3- Coloca-se uma grande dose de propaganda em duas frentes:

a) Uma mídia suja e cheia de interesses escusos por detrás. Não é segredo para ninguém que essa Copa do Mundo gera grande receita para quem controlará os direitos de transmissão, as patrocinadoras locais sempre já patrocinadoras dos canais, com as propagandas de vários jogadores e a vinculação da imagem de que o Brasil é um paraíso natural e cultural (escondendo a todos num longo e isolado tapete para que não sejam percebidos) no qual se pode investir e no qual se tem tudo de bom acontecendo (good vibrations). Obviamente os vários casos de estupro a turistas e de roubos, latrocínios, crimes contra pessoas daqui e de fora, são levemente maquiados para que não se macule o slogan de a “melhor copa das copas”.

b) Personalidades e pessoas que lucram diretamente com essa jornada esportiva, entre outras, no caso de Pelé e de Ronaldo, que costumam vender um país sem crise de saúde, sem educação precária, sem necessidade de protestos, um “país maravilhoso” e inigualável. Um país de mentira para um evento artificial. Sem contar na situação de exceção na qual o estado brasileiro mergulhará em tempos de uma FIFA mandar até mesmo soberana por cima da CF 88, carta magna brasileira. Assim o discurso de “Brasil ame-ou ou deixe-o” paira no ar não como um fantasma do passado, mas como uma imagem do presente, já que o Brasil não se livra desse maniqueísmo de tudo (midiático e político) que escraviza a tudo e a todos.

4- Desvia-se vultuosamente recursos públicos e se diz que se deixará o legado. A palavra “legado” virou modé desde que gastos estratosféricos passaram a ser cobrados. Qualquer evento que se preze enquanto grande evento deve incluir em seu plano de ação exatamente esse fastioso legado. Um legado estranho e injustificável para um estádio monstruoso em plena Floresta Amazônica que, a qualquer momento, também deixará de existir. Sabe-se lá que tipo de legado se terá com um evento que tende ao fracasso social. Mas quantas pessoas já perderam suas casas, suas vidas, seus cantos por conta dessa necessidade biltre de se conseguir espaço para gastar dinheiro e acumular dinheiro sem se prestar contas pela pessoa. Eis aí os quatro passos fundamentais da higienização.
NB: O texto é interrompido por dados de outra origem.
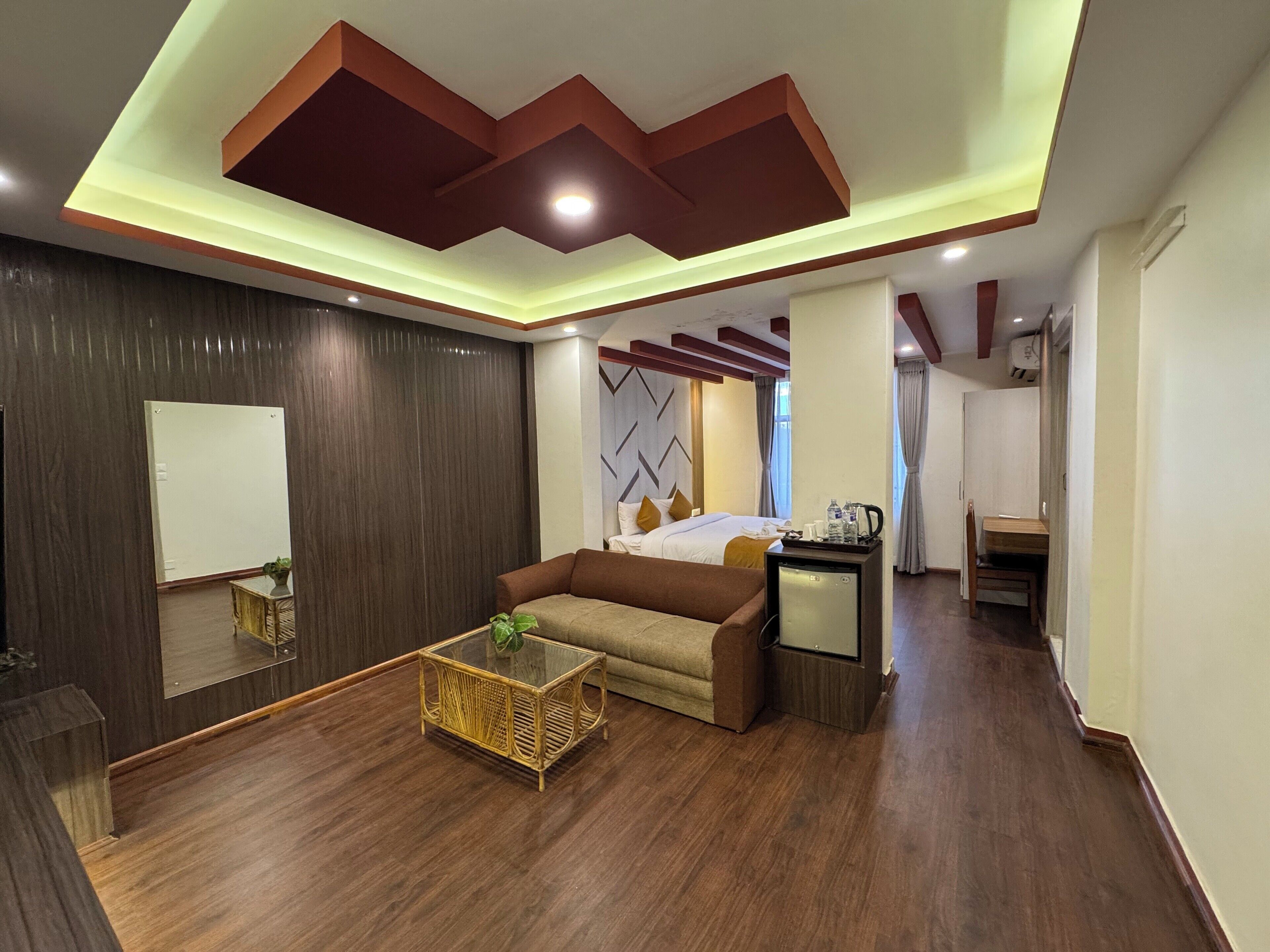 エグゼクティブ ルーム | ノートパソコン用作業スペース、WiFi (無料)、ベッドシーツ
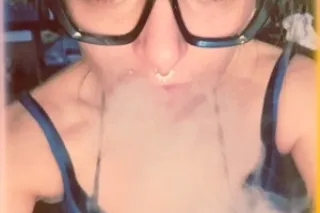 Private. Discreet. Addictive. - Image 6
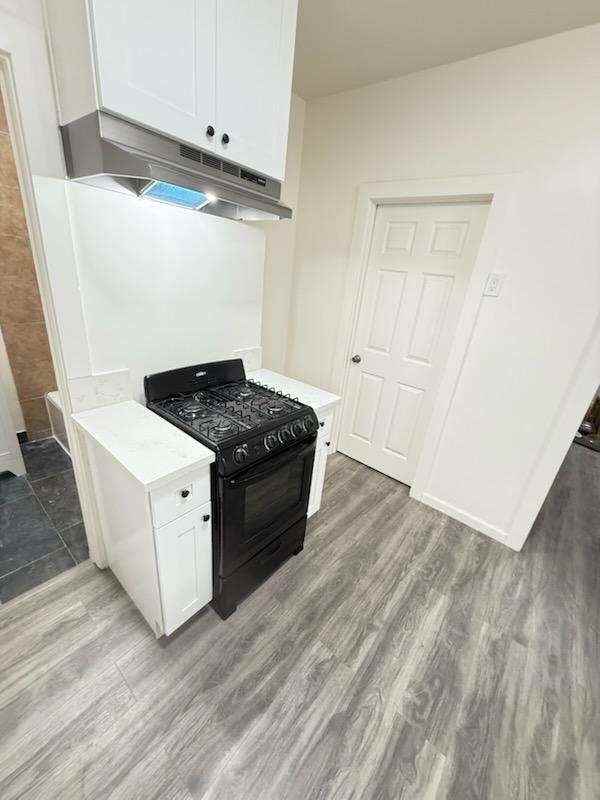 2627 E 4th St - Photo 6 of 8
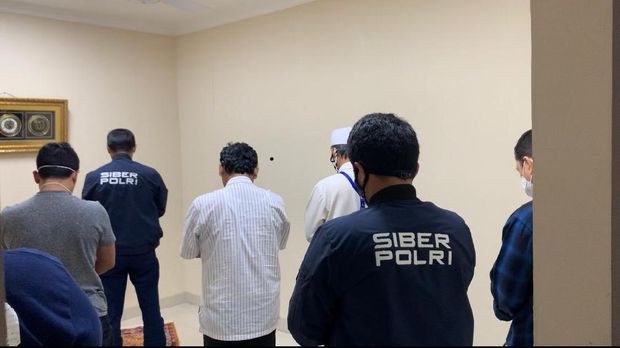 Gus Nur prayed with investigators from the Police Criminal Investigation Unit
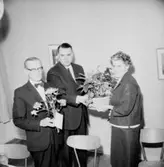 Rumsinteriör, 3 personer, Kexens pensionärer. Personalklubben uppvaktar.
Örebro Kexfabrik.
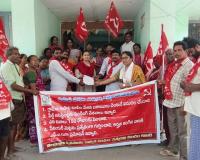 ఉపాధి కూలీల ఆందోళన.!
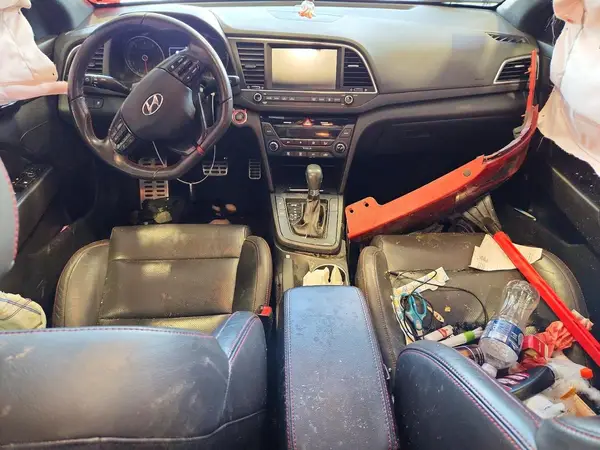 KMHD04LBXJU480060 2018 HYUNDAI ELANTRA - Image 8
Para que pessoas pobres e miseráveis morando em barracos ou comunidades carentes? O que não é coberto por projetos assistencialistas e as pessoas que não podem ser submetidas a uma mutação social, uma solução trágica: perder tudo até mesmo o direito a um pedaço de chão. A higienização esteve nos estádios da Copa das Confederações quando se viu a cor das arquibancadas bem nítida e bem clara. Assim, amiga e amigo, a solução é simples: ou se joga o povo fora (ou se esconde ele debaixo do tapete) ou se faz uma tomada séria de consciência e se nega ter eventos enquanto a casa não estiver devidamente arrumada. Difícil pensar que se escolha a segunda alternativa. Até lá vamos ver eventos e mais eventos se repetirem e repetirem ao mundo todo a farsa que esse país: gigante anestesiado que sofreu alguns espasmos, porém não se recuperou totalmente. Assim é que se faz algo aqui nesse país. Recentemente o Papa Francisco esteve aqui e viu um país totalmente diferente na Jornada da Juventude. Um país cheio de valores e sorrisos, sem qualquer alusão ao sofrimento diário das pessoas. Um país de fantasia. Fabuloso e inexpressivo. Esse é o mesmo país que teremos: sem violência, sem machismo, sem transfobia e homofobia, sem preconceito e ainda alegre, festeiro e unido. Esse país rústico e ideal é fruto de uma forma de se jogar no lixo quem deveria estar livre da sujeira, mas que se transforma em massa de manobra, saindo sempre que se apresente o contingente como regra. Ê Brasil!